Higher and more volatile natural gas prices have created opportunities for some and challenges for others. Hedging became more popular with producers last year as they attempted to lock in higher prices. Meanwhile, gas buyers tangled with a difficult market while wondering what is to come.

“The volatility is a challenge for all market participants,” Griff Jones, CEO of Houston-based marketer Eagle Energy Partners, told NGI. The step-change in prices has provided an education to many, but there will be more to learn as liquefied natural gas (LNG), pipeline and storage development continue and the market evolves.

Higher gas prices have obviously been a boon to producers, particularly to those who locked them in over the coming summer months. “I know the producers that hardly did any hedging years ago are doing some; the producers who were doing a little bit are doing more, and there are some real sophisticated ones out there that do quite a bit of hedging,” Jones said. Driving this, in part, are increased costs for drilling and asset acquisitions. “I think it’s caused [producers] to be more disciplined about locking in future prices,” Jones said. “But even that creates a whole new realm of issues that they have to deal with, specifically, margin calls.” He said producers are having to structure deals carefully to avoid getting blindsided in a more volatile market.

Jones said he has seen an increase in the level of sophistication with which producers approach hedging activities, and they have more resources in the marketplace on which to draw as banks, brokerages and others are providing more information on their commodity price outlooks than they did in the past. This, combined with liquidity on the Nymex, make hedging the commodity easy compared to hedging basis risk, an area where Jones said the market has room for improvement.

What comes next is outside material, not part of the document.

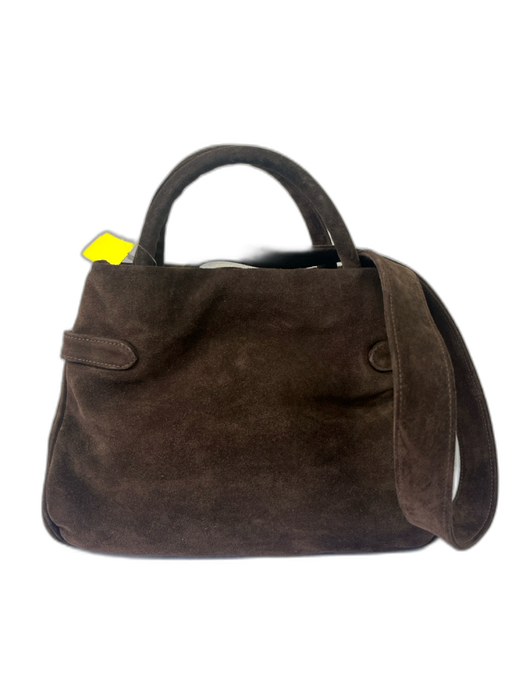 Sonia Rykiel Dark Brown Suede Shoulder Strap Gold Hardware Satchel Bag Dark Brown / Small
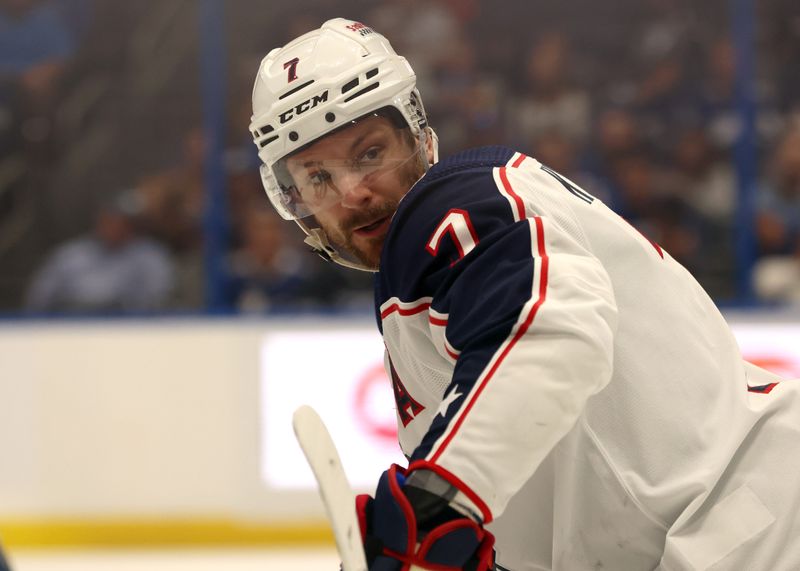 Apr 9, 2024; Tampa, Florida, USA; Columbus Blue Jackets center Sean Kuraly (7) looks on against the Tampa Bay Lightning during the first period at Amalie Arena. Mandatory Credit: Kim Klement Neitzel-USA TODAY Sports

“I still think producers are struggling with locational differences and basis. I think the basis moves have surprised a lot of the producers out there in general. When you get into basis there is a lack of liquidity in the marketplace; there is less information, which means it’s harder to educate yourself about what’s going on,” Jones said. He pointed to last year’s basis differentials in the Midcontinent and Canada as evidence of a more complicated market. “We’ve seen a lot of people surprised by Canadian basis movements, and there’s been a general sentiment of asking why the Midcontinent basis has been blowing out so large.”

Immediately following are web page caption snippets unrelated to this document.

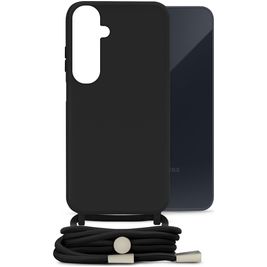 Mobilize Lanyard Gelly Samsung Galaxy A35 Coque avec cordon en TPU Souple - Noir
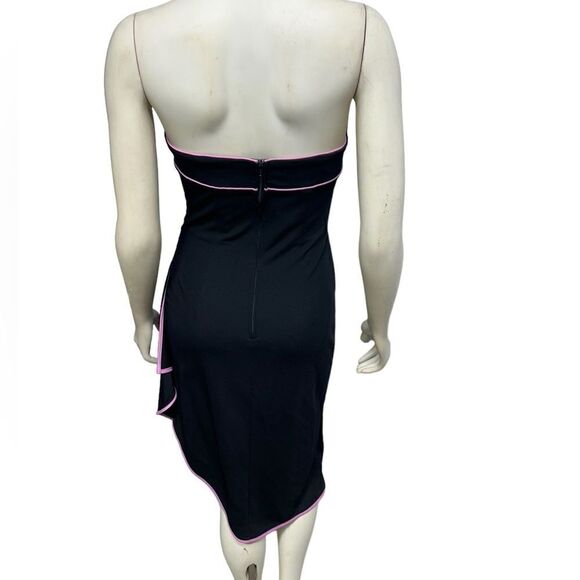 90’s Vintage Betsy and Adam Black Strapless Dress Pink Accent Asymmetrical Knee - Picture 5 of 10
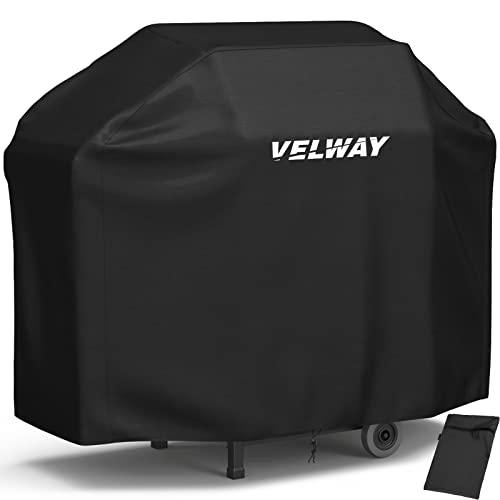 Velway BBQ Gas Grill Cover 57 Inch Heavy Duty Oxford Barbecue Cover Outdoor Waterproof UV Protection Black BBQ Cover Durable Windproof Dust-Proof with Storage Bag & Drawstring (57" L x 24" W x 46" H) - CookCave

And a lack of liquidity in basis markets has kept producers from finding all of the tools they would like to have to manage basis. “For example, if you’re on a pipeline that doesn’t have a liquid basis market, you may have to trade another basis market that you think is going to emulate where your location is, and I think that’s caused a lot of confusion among people who are wishing there was more liquidity,” Jones said.

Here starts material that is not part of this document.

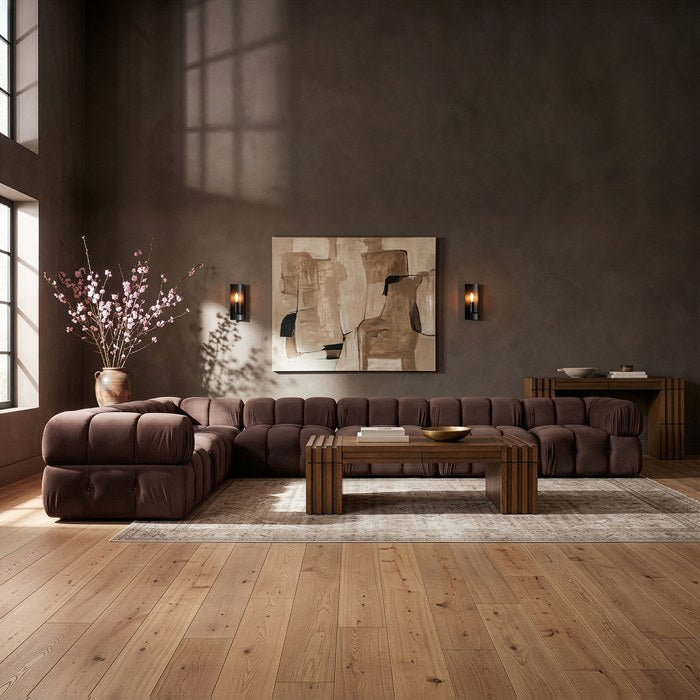 Meridian Furniture - Orin Brown Velvet Performance Fabric Upholstered 7 pc. Sectional - 671Brown-Sec7E - GreatFurnitureDeal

Still, he said that some market fundamentals indicate to him that producers will be able to look forward to a strong price environment for some time to come. “Fundamentally, we’re seeing bigger depletion curves and gas-fired generation becoming more prevalent and more on the margin. A hot summer could have a pretty big effect on the supply picture.”

While producers are taking greater advantage of financial tools to manage price risk, there are likely a good number of local distribution companies (LDCs) who wish they could do the same. “Every state PUC [public utility commission] probably has a different view on what their LDCs should be doing [to manage price risk]. In general, we don’t see many [PUCs] being very proactive in trying to help manage these prices.”

Price caps are not the answer, Jones said. “I think it would be nice to let market forces work the way they should. If regulators feel like they need to have a better handle on long-term prices, they should free up the reins a little bit to allow their specific entities…to go out there and implement hedging programs.”

While LNG importation could be a stabilizing force in gas markets longer term, the promise of more LNG is creating uncertainty for the time being. “I think there is still a question as to how much LNG is actually going to show up,” Jones said. “There have been few new sites actually approved versus all the ones that have been announced, and I think market participants are still trying to figure out which ones are real and which ones are not. There are a lot of people intrigued by the potential effects of LNG, but I don’t think anyone really understands what those ultimate effects are going to be.”

On the gas demand side, Jones said that a lot of the markets with which Eagle Energy deals don’t particularly want to deal with the operational uncertainty engendered in ship-based gas delivery. “Most markets just want to buy flowing natural gas,” he said. “They want to buy it in Chicago or in New York or in Atlanta. They don’t necessarily want to buy it at the tailgate of some plant and have a lot of force majeure contract language that can be introduced to them. I think there are a lot of contracting issues that need to be worked out on the LNG side, and I think there needs to be a little bit more surety that this LNG is going to be coming here.”